Chasing the Nightbird is an historical adventure story centering on Lucky Valera, a 14-year-old Cape Verdean sailor who gets trapped into working in a New Bedford textile mill. While there Lucky meets up with Daniel, a runaway slave, and Emmeline, a Quaker sea captain’s daughter, who decide to work together to help Lucky get back to his beloved whaling ship, the Nightbird.
From the Massachusetts Book Awards reading and discussion guide for Chasing the Nightbird: “This action-packed book introduces the reader to the bustling, commercially vibrant city of New Bedford in 1851; the perils of runaway slaves traveling on the Underground Railroad; the political climate and regional nineteenth-century attitudes towards slavery; and to the cultural diversity of New Bedford, which has survived into the twenty-first century.”

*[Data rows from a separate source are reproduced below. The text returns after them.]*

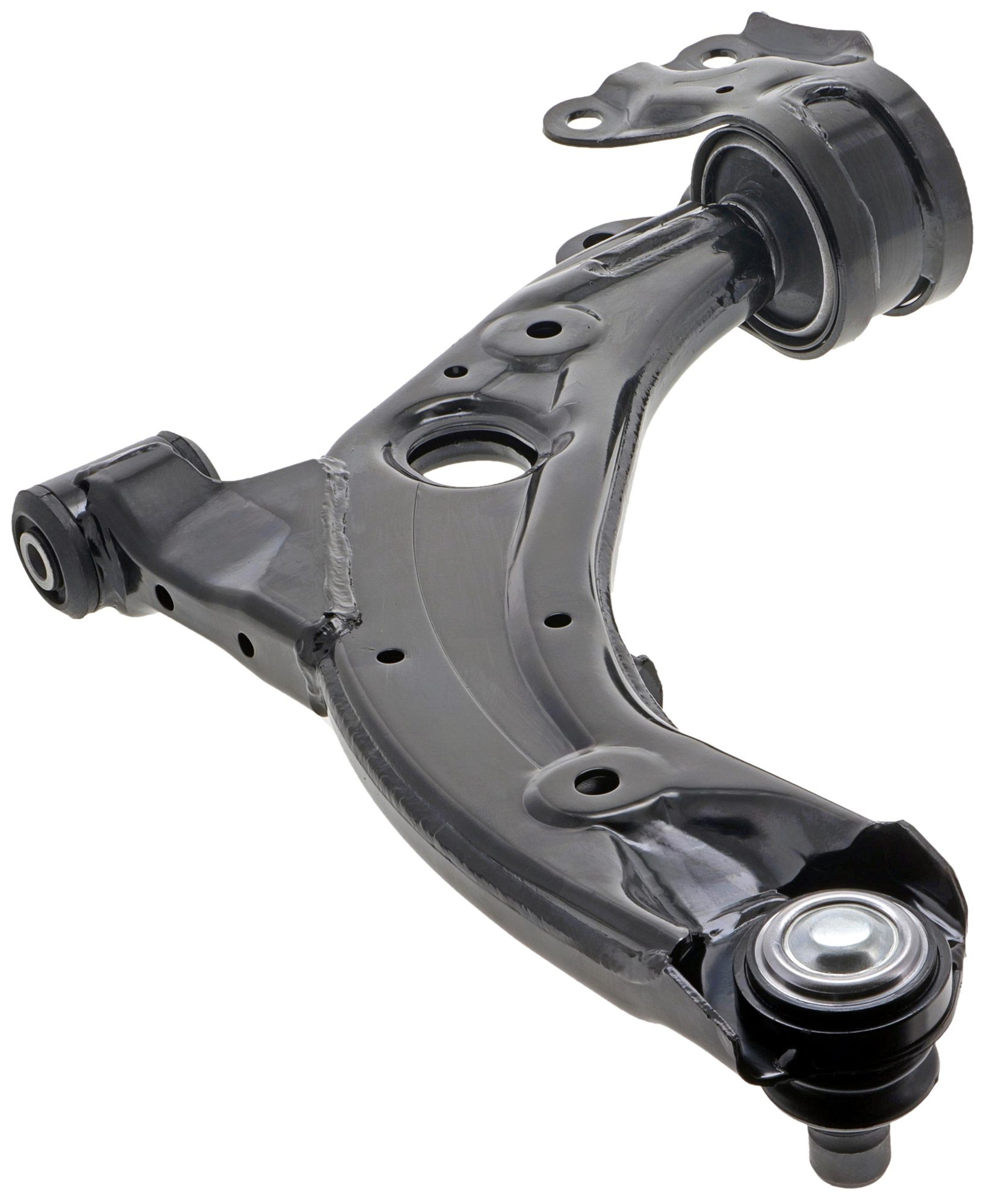 Front Right Lower Suspension Control Arm and Ball Joint Assembly | Mevotech Supreme CMS76169 Fits Mazda CX-7 2007-2012 — image 2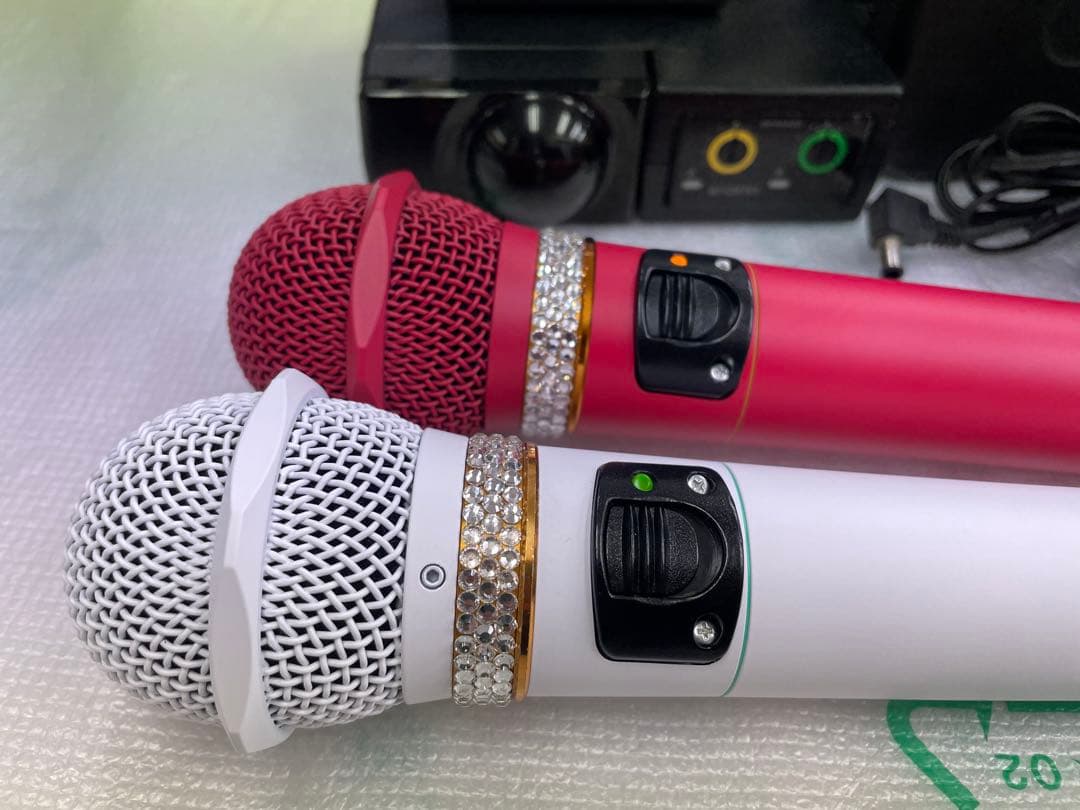 オーディオテクニカ製赤外線ワイヤレスマイクセットCLM7000デコ仕様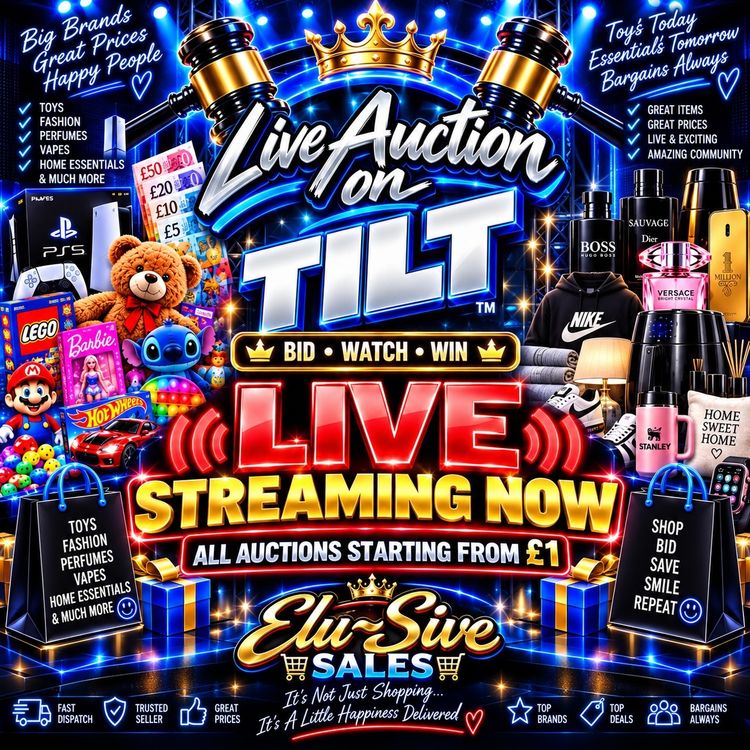 Live Auction On Tilt With Elu-Sive Sales image 1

After receiving the award from Massachusetts Center for the Book executive director Sharon Shaloo, Krista Russell spoke briefly, saying that she had planned to write about whaling, but when she started researching the history there was so much more than whaling in New Bedford history. She learned that New Bedford in the early 1850s had the highest proportion of fugitive slaves in the Northeast – higher, even, than New York or Boston – and read about how the 1850 passage of the second part of the Fugitive Slave Act made life suddenly much more dangerous for slaves from the South who had escaped to make a new life in New Bedford, where the 1793 Fugitive Slave Act had been largely ignored.
Krista read an excerpt from Chasing the Nightbird, starting with this passage:
“[Lucky] pulled his cap down, hoisted his duffle, and walked quickly over the dawn-lit cobbles, eager to get to the wharf where the Nightbird waited. Feeling undone as a frayed line, Lucky yearned to get back to sea. He’d grown up before the mast and, now that Pa was gone, the ship’s hands were his only friends in this unfamiliar city. And though it was still a week from his fourteenth birthday, he’d be sailing as a full member of the crew this time, not a lowly cabin boy. He breathed in the early morning sea air and the smell of whale oil and tar.

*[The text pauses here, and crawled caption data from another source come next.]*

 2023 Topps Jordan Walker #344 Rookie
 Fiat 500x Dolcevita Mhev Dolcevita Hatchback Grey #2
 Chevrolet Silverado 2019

A copy of Chasing the Nightbird, along with other Massachusetts Book Award winners, will be deposited in a special collection at the State Library of Massachusetts, thanks to former state librarian, Stephen Fulchino, now the director of the New Bedford Public Library.
Part of AHA! – a celebration of the art, culture, and history of New Bedford on the second Thursday of the month, the Massachusetts Book Award presentation ceremony was attended by many families with children who were given their own copies of Chasing the Nightbird signed by the author to take home and read.
Save the date! Other 2012 winners and Must-Read authors will be celebrated along with the new 2013 honorees at the Massachusetts State House on Thursday, October 17, at 2:00 p.m. This event is open to the public. Everyone is invited, and welcome to attend!